En réalité, c'est le comité de rédaction de la revue de Paris qui publie le roman de Flaubert sous forme de feuilletons, qui décide collectivement  de supprimer certains passages du roman jugés "sulfureux" notamment la scène où Emma et Léon consomment l'adultère dans un fiacre qui roule  ; Du coup, Flaubert proteste et la justice s'empare de l'affaire dans un contexte politique qui révèle de la part du gouvernement impérial , un désir de contrôler la production artistique contemporaine. L'avocat Ernest Pinard est le porte-paroles de l'accusation.  Nous examinerons donc ses principaux arguments .Alors que l'outrage aux bonnes moeurs vise tout ce qui blesse la pudeur comme l'emploi de certains mots  orduriers ou grossiers qui désignent des réalités inacceptables pour la société de l'époque , on entend  par morale publique l'ensemble  qui demeure à définir, des valeurs sur lesquelles se fonde un  consensus social , et   sur lesquelles la plupart des gens sont d'accord comme par exemple l'institution du mariage ou la condamnation de l'adultère, le respect des parents; Reprenons donc les griefs du procureur afin de voir s'ils sont vérifiés par le roman ; Ensuite, nous examinerons les justifications apportées par le défenseur du romancier, maître Simard et enfin nous nous demanderons si l'écriture d'un roman, ouvrage de fiction doit obéir aux catégories de la morale.

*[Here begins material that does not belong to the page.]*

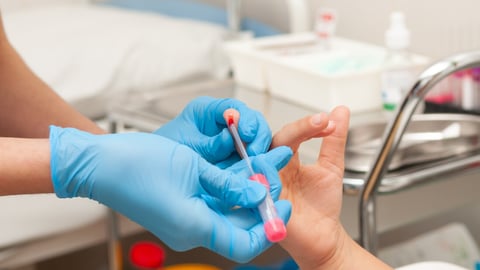 Close-up blood test from a child's finger. Doctor takes blood from a little girl's finger.; Shutterstock ID 2238032867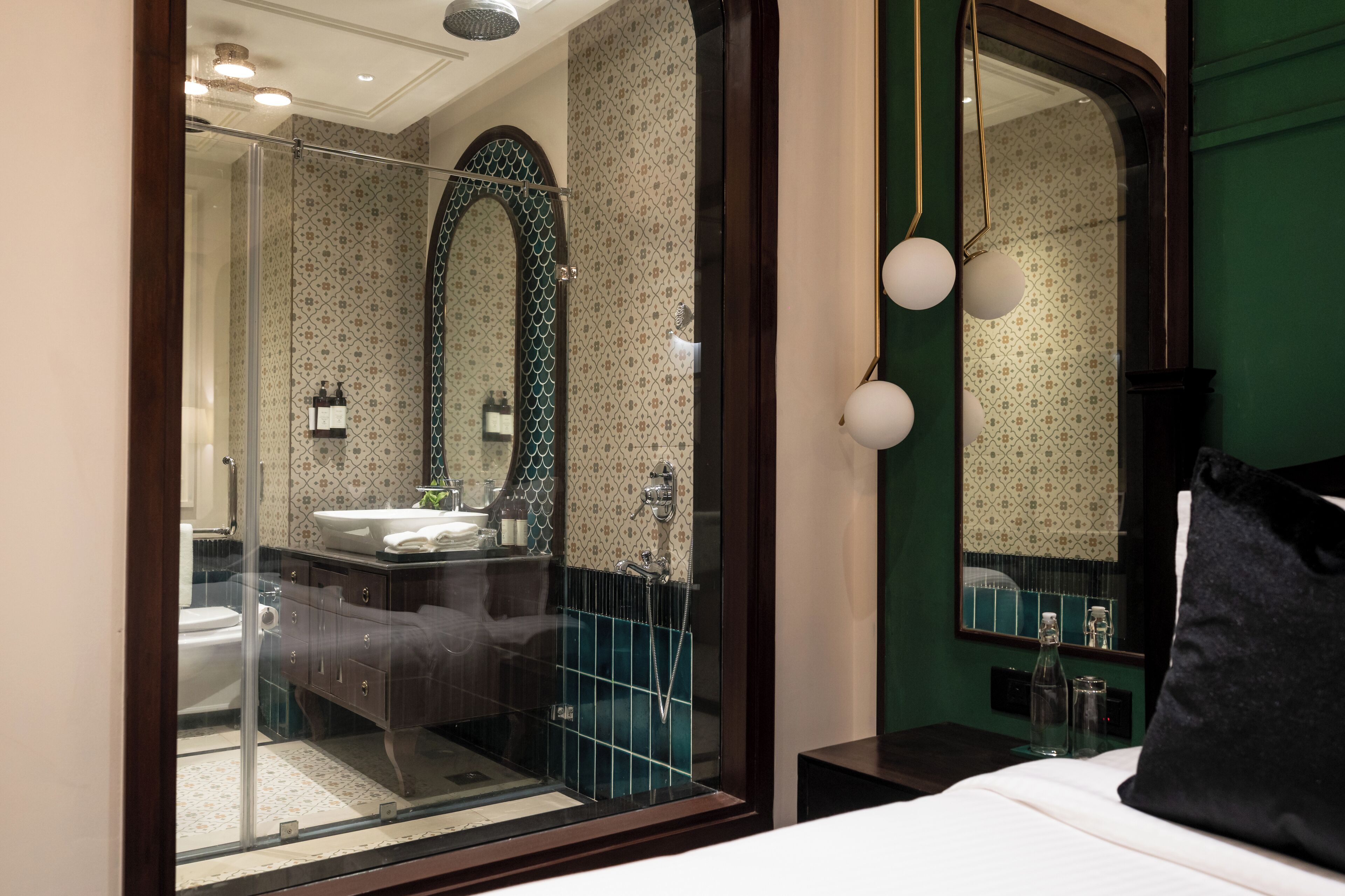 Une salle de bain moderne dotée d’une douche à parois de verre, d’un grand miroir et d’un lavabo agrémenté d’un pare-éclaboussures décoratif.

 Que reproche-t-on au juste  à Madame Bovary ?  Le procureur débute son réquisitoire en faisant état de la couleur lascive du roman; il compte démontrer que Flaubert s'attache à des détails grivois comme par exemple le contentement sexuel de Charles après sa nuit de noces :  "ce mari du lendemain que l'on eut pris pour la vierge de la veille" Le mariage a donc satisfait a priori les sens de Charles qui est désormais "le coeur plein des félicités de la nuit, l'esprit tranquille, la chair contente" On reproche évidemment  à Flaubert d'avoir ridiculisé le mariage dans la personne de Charles , un mari naïf, béat et stupide pour certains, qui va jusqu'à pardonner à l'amant de sa femme et qui refuse de croire qu'elle l'a vraiment trompée même quand il lit les lettres qu'elle recevait de Rodolphe  . Mais c'est surtout le personnage d'Emma et son immoralité qui est la cible principale des critiques du procureur.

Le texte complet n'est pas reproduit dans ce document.